From 2a9613be614edb48edc25258332aed5774ff4dc7 Mon Sep 17 00:00:00 2001
From: "W. Trevor King" <wking@drexel.edu>
Date: Thu, 16 Feb 2012 10:42:43 -0500
Subject: [PATCH] Improve unicode handling and increase the default textwrap
 width.

---
 update_copyright/project.py   | 55 ++++++++++++++++++++---------------
 update_copyright/utils.py     | 30 +++++++++++++++----
 update_copyright/vcs/git.py   |  3 +-
 update_copyright/vcs/utils.py | 19 ++++++++++--
 4 files changed, 73 insertions(+), 34 deletions(-)

diff --git a/update_copyright/project.py b/update_copyright/project.py
index 18280b1..4684d38 100644
--- a/update_copyright/project.py
+++ b/update_copyright/project.py
@@ -84,9 +84,11 @@ class Project (object):
         self.with_files = False
         self._ignored_paths = None
         self._pyfile = None
+        self._encoding = None
+        self._width = 79
 
         # unlikely to occur in the wild :p
-        self._copyright_tag = '-xyz-COPY' + '-RIGHT-zyx-'
+        self._copyright_tag = u'-xyz-COPY' + u'-RIGHT-zyx-'
 
     def load_config(self, stream):
         p = _configparser.RawConfigParser()
@@ -150,20 +152,24 @@ class Project (object):
         authors = self._vcs.authors()
         new_contents = u'{} was written by:\n{}\n'.format(
             self._name, u'\n'.join(authors))
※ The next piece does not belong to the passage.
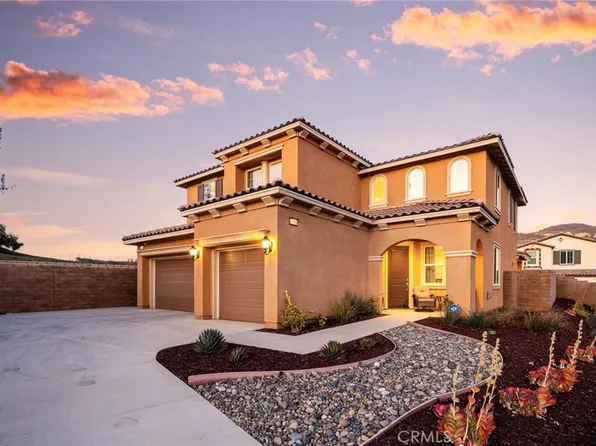 11358 Finders Ct, Corona, CA 92883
-        _utils.set_contents('AUTHORS', new_contents, dry_run=dry_run)
+        _utils.set_contents(
+            'AUTHORS', new_contents, unicode=True, encoding=self._encoding,
+            dry_run=dry_run)
 
     def update_file(self, filename, dry_run=False):
         _LOG.info('update {}'.format(filename))
-        contents = _utils.get_contents(filename=filename)
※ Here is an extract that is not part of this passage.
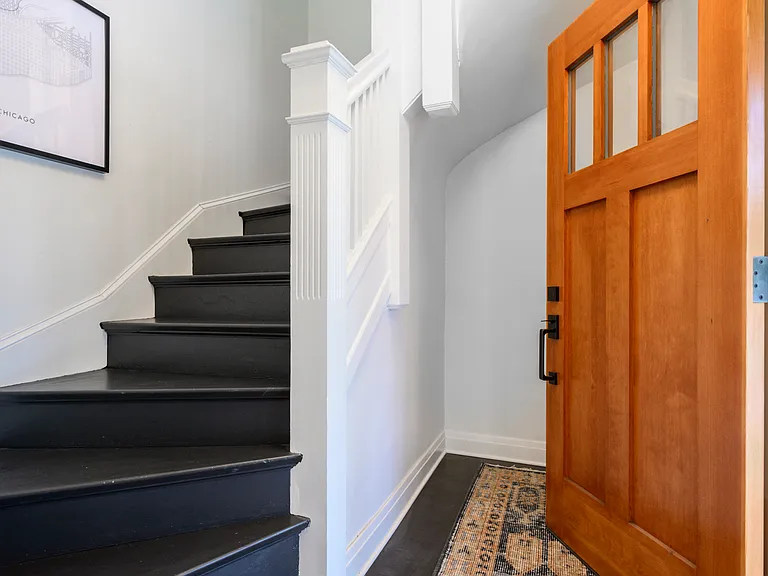 2524 N Lawndale Ave #1 — Photo 4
+        contents = _utils.get_contents(
+            filename=filename, unicode=True, encoding=self._encoding)
         original_year = self._vcs.original_year(filename=filename)
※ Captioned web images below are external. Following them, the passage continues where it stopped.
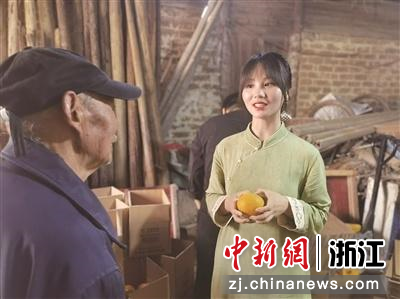 徐露露帮助村民卖常山胡柚。
  汪晨云 摄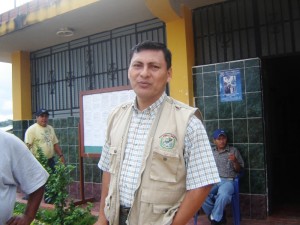 alcalde-curimana Alcalde de Curimaná Loiber Rocha firmó convenio con la UGEL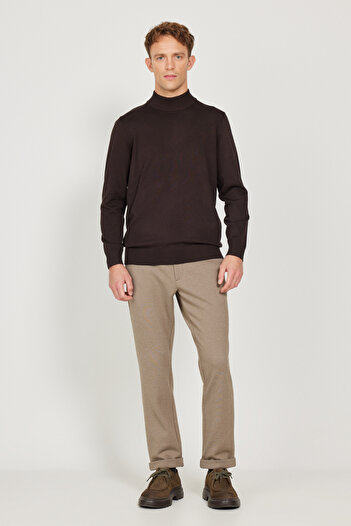 AC&Co / Altınyıldız Classics Men's Brown Standard Fit Regular Cut Half Turtleneck Knitwear Sweater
         authors = self._vcs.authors(filename=filename)
         new_contents = _utils.update_copyright(
             contents=contents, original_year=original_year, authors=authors,
             text=self._copyright, info=self._info(), prefix='# ',
-            tag=self._copyright_tag)
+            width=self._width, tag=self._copyright_tag)
         _utils.set_contents(
             filename=filename, contents=new_contents,
-            original_contents=contents, dry_run=dry_run)
+            original_contents=contents, unicode=True, encoding=self._encoding,
+            dry_run=dry_run)
 
     def update_files(self, files=None, dry_run=False):
         if files is None or len(files) == 0:
@@ -185,37 +191,38 @@ class Project (object):
             _utils.copyright_string(
                 original_year=original_year, final_year=current_year,
                 authors=authors, text=self._copyright, info=self._info(),
-                prefix='# '),
-            '', 'import textwrap as _textwrap', '', '',
-            'LICENSE = """',
+                prefix=u'# ', width=self._width),
+            u'', u'import textwrap as _textwrap', u'', u'',
+            u'LICENSE = """',
             _utils.copyright_string(
                 original_year=original_year, final_year=current_year,
                 authors=authors, text=self._copyright, info=self._info(),
-                prefix=''),
-            '""".strip()',
-            '',
-            'def short_license(info, wrap=True, **kwargs):',
-            '    paragraphs = [',
+                prefix=u'', width=self._width),
+            u'""".strip()',
+            u'',
+            u'def short_license(info, wrap=True, **kwargs):',
+            u'    paragraphs = [',
             ]
         paragraphs = _utils.copyright_string(
             original_year=original_year, final_year=current_year,
             authors=authors, text=self._short_copyright, info=self._info(),
             author_format_fn=_utils.short_author_formatter, wrap=False,
-            ).split('\n\n')
+            ).split(u'\n\n')
         for p in paragraphs:
-            lines.append("        '{}' % info,".format(
-                    p.replace("'", r"\'")))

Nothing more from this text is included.